_WHAT YOU SHOULD DO_.
From the line containing "Подробнее об объявлении" to the end of the data, retype every line exactly and nothing else. Drop the pictures.

#### EXERCISE MATERIALS ####

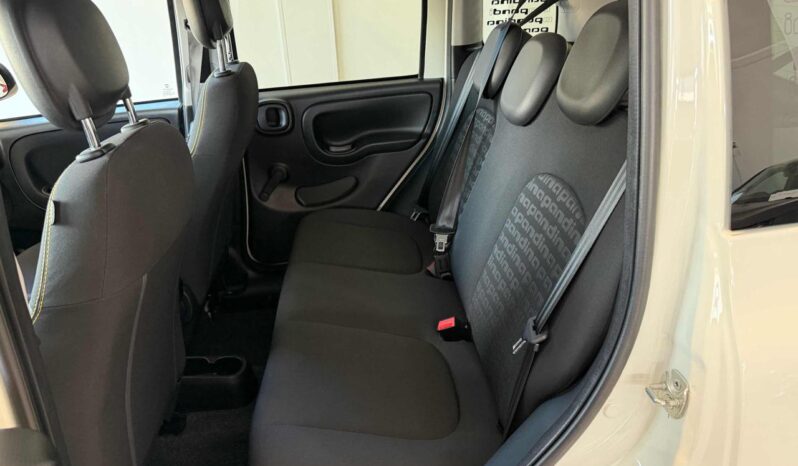 
								FIAT Panda Cross 1.0 FireFly S&S Hybrid Pandina full									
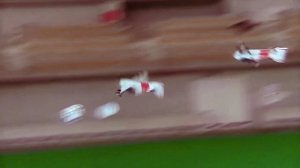 Синхронный полёт нескольких самолётов в зале на радиоуправлении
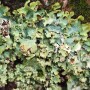 지의류, 초록초록 돌기조개지의(Cetrelia braunsiana)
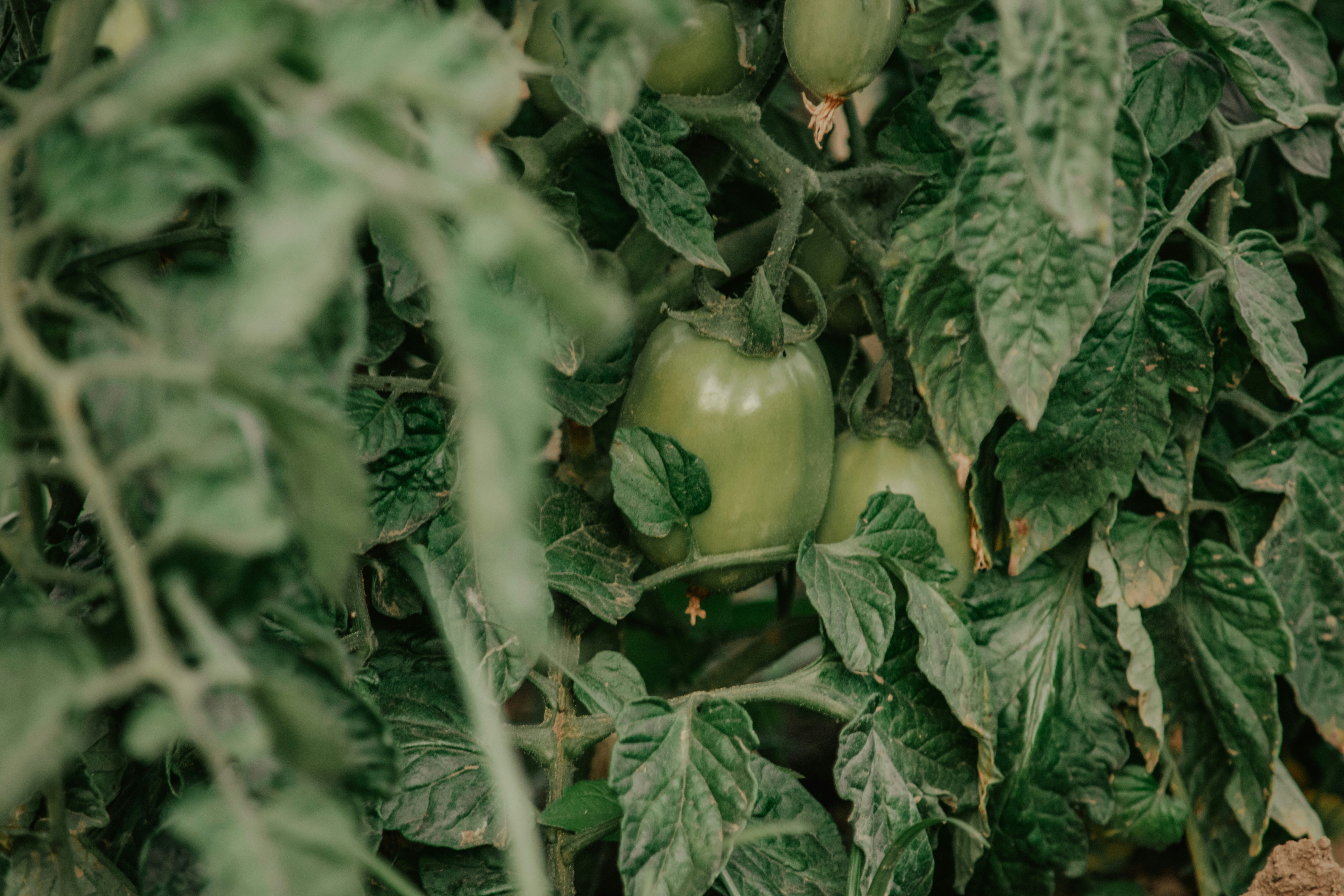 Photo by utunzajiwamazingira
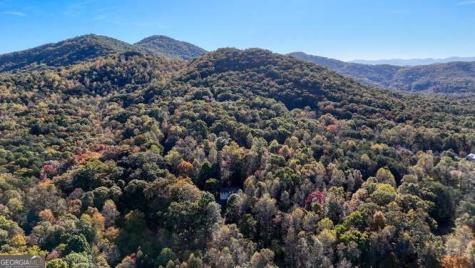 1316 Bradley Blairsville GA 30512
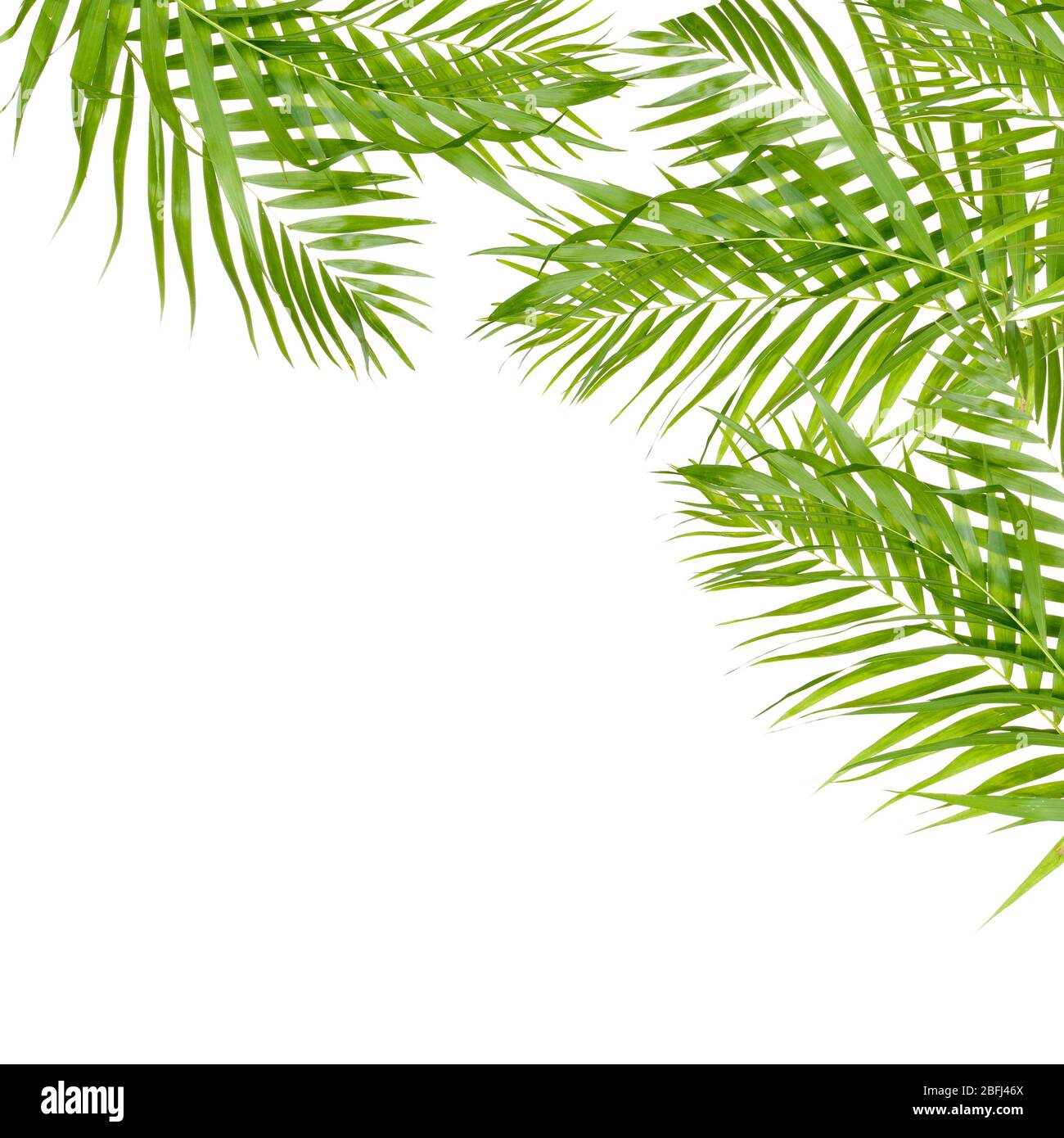 Beautiful palm leaves shaped as frame with space for your text Stock ...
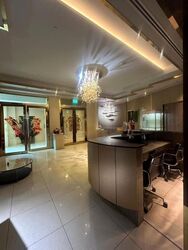 Furama Riverfront (D3), Retail #639407041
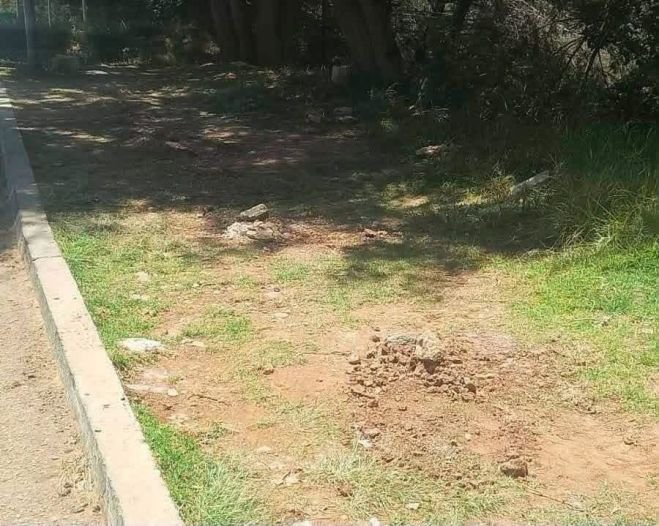 Arrancan &aacute;rboles sembrados durante jornada de reforestaci&oacute;n en Cuxtitali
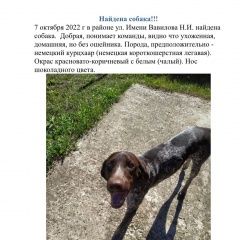 Подробнее об объявлении «Краснодар Найдена собака» Фото: найдена собака Немецкий охотничий терьер «Краснодар Найдена собака» в г. Краснодар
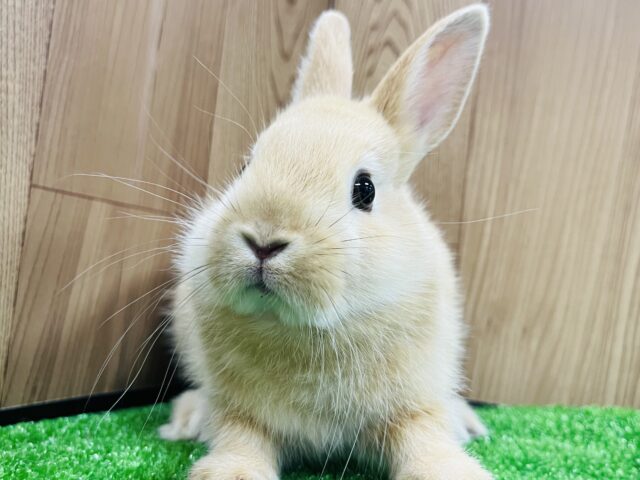 ネザーランドドワーフ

####

_ANSWER SPACE_.
 Подробнее об объявлении «Краснодар Найдена собака» Фото: найдена собака Немецкий охотничий терьер «Краснодар Найдена собака» в г. Краснодар
 ネザーランドドワーフ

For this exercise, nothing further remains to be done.